Every line below between the line holding "Creme Blush Stick" and the line holding "Cat Climbing Wall, 5-Piece", inclusive, should be repeated exactly, and all other lines omitted.

Extracted records:
::::
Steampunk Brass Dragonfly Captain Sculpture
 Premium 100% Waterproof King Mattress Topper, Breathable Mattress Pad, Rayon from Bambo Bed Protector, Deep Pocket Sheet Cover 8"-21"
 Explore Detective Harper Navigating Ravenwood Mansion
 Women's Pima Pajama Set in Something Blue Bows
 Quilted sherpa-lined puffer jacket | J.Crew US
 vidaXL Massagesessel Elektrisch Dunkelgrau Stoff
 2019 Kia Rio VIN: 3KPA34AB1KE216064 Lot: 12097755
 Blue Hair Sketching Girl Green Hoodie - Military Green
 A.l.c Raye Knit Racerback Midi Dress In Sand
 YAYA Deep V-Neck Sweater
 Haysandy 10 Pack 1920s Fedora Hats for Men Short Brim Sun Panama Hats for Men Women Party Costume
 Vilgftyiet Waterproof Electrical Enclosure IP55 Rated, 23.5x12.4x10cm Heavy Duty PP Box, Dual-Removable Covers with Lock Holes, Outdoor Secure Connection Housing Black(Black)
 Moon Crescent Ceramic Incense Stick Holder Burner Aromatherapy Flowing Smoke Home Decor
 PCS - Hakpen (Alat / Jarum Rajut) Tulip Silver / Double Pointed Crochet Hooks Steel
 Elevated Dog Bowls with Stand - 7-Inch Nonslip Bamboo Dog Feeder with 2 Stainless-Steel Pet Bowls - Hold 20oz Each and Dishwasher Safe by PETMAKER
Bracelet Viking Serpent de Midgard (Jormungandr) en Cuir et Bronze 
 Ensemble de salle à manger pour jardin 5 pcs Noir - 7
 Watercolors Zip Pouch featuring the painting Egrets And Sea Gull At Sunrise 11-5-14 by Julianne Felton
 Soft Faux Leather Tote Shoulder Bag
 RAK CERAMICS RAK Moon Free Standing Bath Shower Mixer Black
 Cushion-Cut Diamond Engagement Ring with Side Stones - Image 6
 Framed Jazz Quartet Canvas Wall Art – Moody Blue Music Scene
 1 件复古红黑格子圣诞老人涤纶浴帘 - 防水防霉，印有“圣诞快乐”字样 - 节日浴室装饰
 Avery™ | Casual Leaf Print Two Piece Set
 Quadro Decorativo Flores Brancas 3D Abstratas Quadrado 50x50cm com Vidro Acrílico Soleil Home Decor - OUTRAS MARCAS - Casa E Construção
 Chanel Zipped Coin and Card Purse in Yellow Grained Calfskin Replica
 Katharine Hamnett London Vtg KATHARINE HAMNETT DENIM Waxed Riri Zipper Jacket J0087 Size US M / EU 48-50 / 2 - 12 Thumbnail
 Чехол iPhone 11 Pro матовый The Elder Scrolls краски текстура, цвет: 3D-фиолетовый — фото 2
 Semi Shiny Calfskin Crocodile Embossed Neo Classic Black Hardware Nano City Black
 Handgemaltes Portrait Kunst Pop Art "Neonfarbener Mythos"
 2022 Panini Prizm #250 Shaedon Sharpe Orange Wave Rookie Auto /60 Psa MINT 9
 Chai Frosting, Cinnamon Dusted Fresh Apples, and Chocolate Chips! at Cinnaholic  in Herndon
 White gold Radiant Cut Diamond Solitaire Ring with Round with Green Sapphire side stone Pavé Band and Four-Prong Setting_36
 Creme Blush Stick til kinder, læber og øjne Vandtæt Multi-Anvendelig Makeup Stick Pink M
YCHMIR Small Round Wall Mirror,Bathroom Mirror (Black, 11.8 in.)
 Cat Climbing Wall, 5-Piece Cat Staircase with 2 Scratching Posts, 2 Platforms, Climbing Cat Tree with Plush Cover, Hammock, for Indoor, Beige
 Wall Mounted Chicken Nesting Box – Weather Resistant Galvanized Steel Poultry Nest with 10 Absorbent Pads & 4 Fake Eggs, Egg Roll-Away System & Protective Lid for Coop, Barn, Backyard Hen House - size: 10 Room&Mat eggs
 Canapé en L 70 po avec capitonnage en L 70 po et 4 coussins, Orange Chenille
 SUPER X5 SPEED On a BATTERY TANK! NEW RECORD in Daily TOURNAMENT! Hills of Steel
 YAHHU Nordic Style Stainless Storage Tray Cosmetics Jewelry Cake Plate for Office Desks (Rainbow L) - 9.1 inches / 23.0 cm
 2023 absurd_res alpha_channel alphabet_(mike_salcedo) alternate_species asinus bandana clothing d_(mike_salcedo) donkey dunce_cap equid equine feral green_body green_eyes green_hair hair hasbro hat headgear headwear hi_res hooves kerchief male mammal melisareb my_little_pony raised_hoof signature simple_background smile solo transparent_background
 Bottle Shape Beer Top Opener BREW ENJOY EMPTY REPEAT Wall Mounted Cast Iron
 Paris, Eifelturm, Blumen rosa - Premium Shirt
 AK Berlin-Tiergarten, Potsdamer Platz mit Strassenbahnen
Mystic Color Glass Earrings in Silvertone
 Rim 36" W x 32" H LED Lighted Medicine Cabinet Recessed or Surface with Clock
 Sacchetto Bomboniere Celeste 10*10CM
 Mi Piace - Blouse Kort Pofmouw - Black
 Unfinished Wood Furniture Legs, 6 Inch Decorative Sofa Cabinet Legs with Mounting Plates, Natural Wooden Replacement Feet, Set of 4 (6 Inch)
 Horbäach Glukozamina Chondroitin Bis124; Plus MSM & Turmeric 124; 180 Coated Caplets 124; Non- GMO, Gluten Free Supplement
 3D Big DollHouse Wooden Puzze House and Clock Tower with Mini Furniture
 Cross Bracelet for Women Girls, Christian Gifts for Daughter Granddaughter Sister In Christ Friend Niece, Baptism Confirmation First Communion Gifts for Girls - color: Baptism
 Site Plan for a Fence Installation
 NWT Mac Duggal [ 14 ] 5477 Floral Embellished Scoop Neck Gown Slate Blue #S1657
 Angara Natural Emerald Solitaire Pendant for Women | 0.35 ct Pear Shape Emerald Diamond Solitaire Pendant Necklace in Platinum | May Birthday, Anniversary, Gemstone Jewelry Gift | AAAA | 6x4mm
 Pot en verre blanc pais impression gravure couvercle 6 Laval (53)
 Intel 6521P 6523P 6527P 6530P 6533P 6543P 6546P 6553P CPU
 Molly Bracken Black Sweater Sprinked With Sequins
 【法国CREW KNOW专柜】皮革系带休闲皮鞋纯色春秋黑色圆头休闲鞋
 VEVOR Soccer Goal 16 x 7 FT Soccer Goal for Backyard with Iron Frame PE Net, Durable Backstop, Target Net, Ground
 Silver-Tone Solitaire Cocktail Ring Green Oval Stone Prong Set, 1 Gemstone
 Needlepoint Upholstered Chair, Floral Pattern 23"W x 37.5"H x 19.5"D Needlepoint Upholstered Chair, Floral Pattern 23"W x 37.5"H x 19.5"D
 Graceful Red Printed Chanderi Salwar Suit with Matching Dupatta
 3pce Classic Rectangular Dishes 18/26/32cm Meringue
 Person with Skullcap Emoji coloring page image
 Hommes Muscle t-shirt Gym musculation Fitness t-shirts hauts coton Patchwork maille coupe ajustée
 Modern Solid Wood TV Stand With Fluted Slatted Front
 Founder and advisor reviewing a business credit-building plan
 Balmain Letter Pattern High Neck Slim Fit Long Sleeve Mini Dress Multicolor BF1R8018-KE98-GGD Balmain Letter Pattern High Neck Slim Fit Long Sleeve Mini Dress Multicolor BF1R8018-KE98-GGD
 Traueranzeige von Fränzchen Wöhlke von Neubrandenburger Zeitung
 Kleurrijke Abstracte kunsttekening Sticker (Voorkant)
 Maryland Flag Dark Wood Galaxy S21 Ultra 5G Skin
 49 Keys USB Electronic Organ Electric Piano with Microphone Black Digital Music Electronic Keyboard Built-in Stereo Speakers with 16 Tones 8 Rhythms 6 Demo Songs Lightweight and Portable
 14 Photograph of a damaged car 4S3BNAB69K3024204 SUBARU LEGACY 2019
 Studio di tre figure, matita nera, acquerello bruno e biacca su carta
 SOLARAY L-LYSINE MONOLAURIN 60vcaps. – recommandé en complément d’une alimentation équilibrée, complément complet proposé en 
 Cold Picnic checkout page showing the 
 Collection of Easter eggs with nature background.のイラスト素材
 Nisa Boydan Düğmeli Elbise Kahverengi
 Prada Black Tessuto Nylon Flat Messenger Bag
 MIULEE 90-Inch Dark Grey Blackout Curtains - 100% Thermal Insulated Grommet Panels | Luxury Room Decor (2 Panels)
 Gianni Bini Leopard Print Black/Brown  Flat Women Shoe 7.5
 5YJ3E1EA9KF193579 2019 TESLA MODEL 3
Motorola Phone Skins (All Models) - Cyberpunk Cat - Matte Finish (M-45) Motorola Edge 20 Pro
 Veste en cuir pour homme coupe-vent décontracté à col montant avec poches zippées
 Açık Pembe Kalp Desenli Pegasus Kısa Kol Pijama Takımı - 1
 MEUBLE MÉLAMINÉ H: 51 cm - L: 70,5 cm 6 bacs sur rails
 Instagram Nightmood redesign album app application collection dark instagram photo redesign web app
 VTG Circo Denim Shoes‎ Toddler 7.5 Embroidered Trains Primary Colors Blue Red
::::
== SOLUTION FOR THIS EXERCISE ==
 Creme Blush Stick til kinder, læber og øjne Vandtæt Multi-Anvendelig Makeup Stick Pink M
YCHMIR Small Round Wall Mirror,Bathroom Mirror (Black, 11.8 in.)
 Cat Climbing Wall, 5-Piece Cat Staircase with 2 Scratching Posts, 2 Platforms, Climbing Cat Tree with Plush Cover, Hammock, for Indoor, Beige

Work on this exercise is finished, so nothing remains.